When he suddenly did that really high-pitched squeak,
that's what he was.
Because he was determined to keep going,
and he just got higher and higher pitch.
And it was, oh, it's hopeless.
Barry's mentioned that Brian thought his career was over.
Yes.
So what was the sort of atmosphere in the box after that instant
and as you went home that evening?
I mean, did you go home?
Were you stomping home, Peter, and kicking doors?
Well, I was a bit, yes.
I mean, I'm probably a rather like him.
And I think, to be fair, Agas might not admit it.
But I think even he thought, oh, God,
I wonder if I took the old boy a bit too far.
Well, I did, but I saw you both storm off.
What's my first year of the job?
Yes.
You've got to remember, you know, it's 30 years ago,
and there was things you couldn't say on the radio then
that you might get away with now.
And I think that has to be born in mind as well.
And, of course, the next morning when we came in, Radio 2, I think it was,
I've been playing it every hour on the hour.
Well, someone else who's been playing it as well, Peter,
was Gary Richardson, because some people didn't hear it live,
but Gary Richardson played it on Radio 4's,
today program.
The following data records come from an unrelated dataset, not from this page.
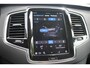 Volvo XC90 T8 AUT8 Plug-in hybrid AWD Ultra Dark | Luchtvering | Semi elektrische trekhaak | Panoramadak met schuif-/kantelfunctie | Bowers & Wilkins High End Audio | Verwarmbare voorstoelen met massagefunctie en ventilatie | Verwarmbare achterbank | Rondomzicht camera | Adaptive Cruise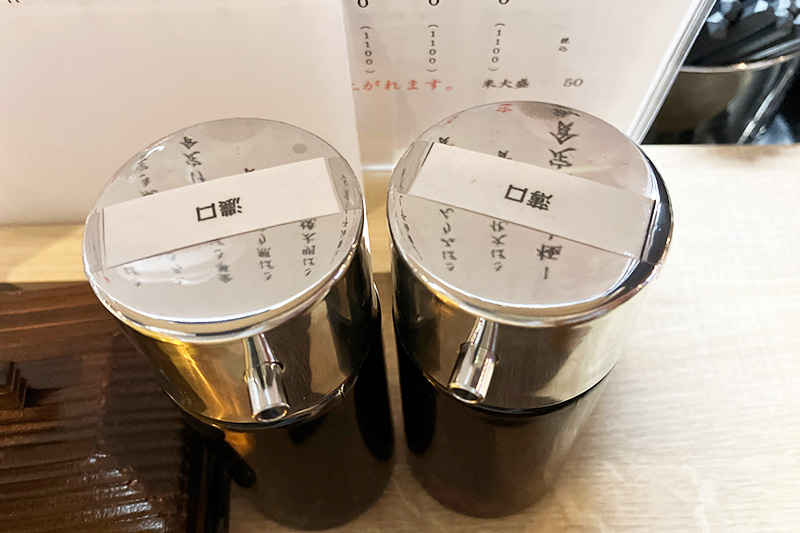 卓上には薄口・濃口の醤油
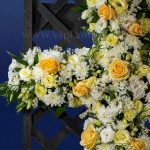 تاج گل صلیب با گل های تازه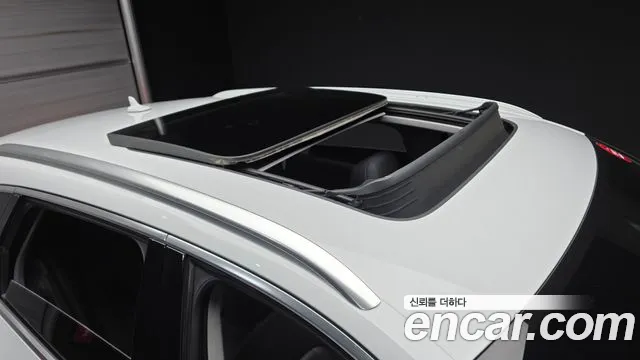 Audi e-tron — Фото автомобиля 20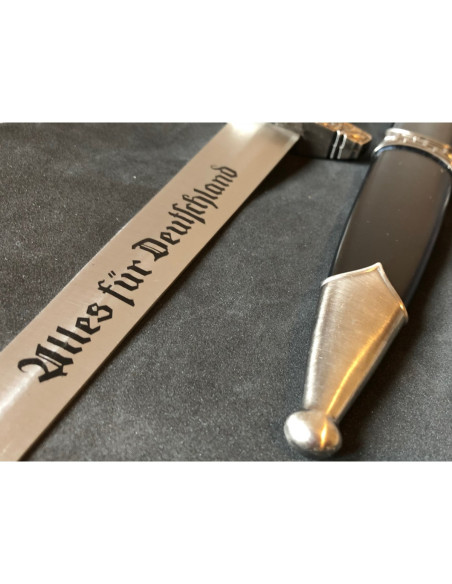 Alles Für Deutschland dagger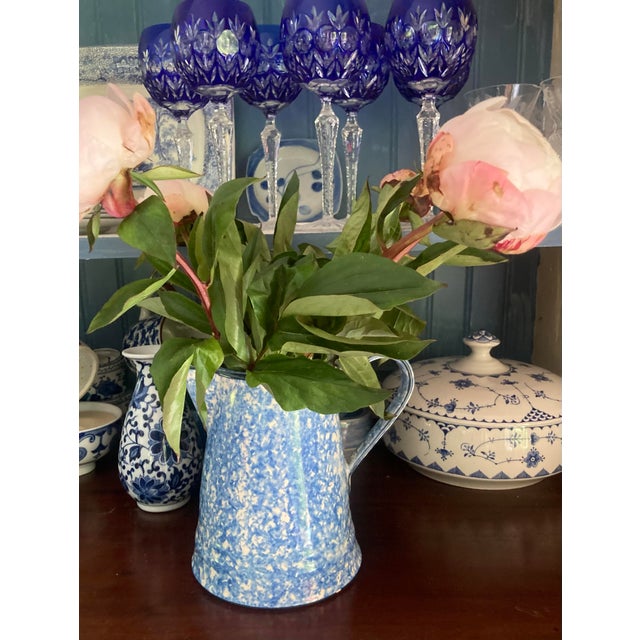 Élégant Vintage Hand Painted Blue Stangl Sponge Ware Tea or Coffee Pot For Sale - Image 9 of 9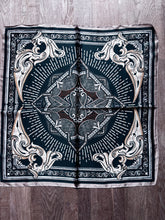 Afbeelding in Gallery-weergave laden, Sjaal van polyester “Jade”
Again, Gary takes up the story. Well, 30 years on, the leg over moment is still
incredibly funny. It was one of the great moments on BBC radio. What I find fascinating is that
no matter how many times you hear the clip, you always laugh. It's a bit like the famous scene
in Dad's Army. You know the punchline is, don't tell him Pike, but you always laugh. I was
listening actually live to the TMS broadcast when it happened. And I thought to my
myself, this is fantastic. It's so funny. I was presenting on the Today program the next morning
and I thought to myself, I must replay it. I know the listeners will love it. And of course,
in those days, there was no social media. The clip hadn't been played millions of times on Twitter.
So when I rebroadcast it the next morning, it was very fresh to our listeners. It was like
it was being broadcast for the very first time. The reaction I got from people was incredible.
They absolutely loved it.
It was one of the great moments on BBC radio.
And of course, in those days, Brian Johnson was so very popular on Radio 4
because he was one of my regular contributors doing the cricket reports.
Legover moment, fantastic.
So when Gary played it on the today program,
Peter, was that the moment when you sort of relaxed and thought,
actually, this might not be so bad after all?
I think I did actually probably I started to relax
I do remember a little later someone suggested we should put it in
for a Sony radio award and I said no
ultimately I think it was a mistake
I don't think we can start putting those in for awards really
but yeah and by the time I got to the Oval the engineers
were already minting off copies of the thing onto cassettes and flogging into
their friends I think
and John you know in your
did you pick up on it in
you're on paper?
Yeah, I'm sure we did.
I mean, of course, now, with websites and online,
it'll be all over the newspaper websites.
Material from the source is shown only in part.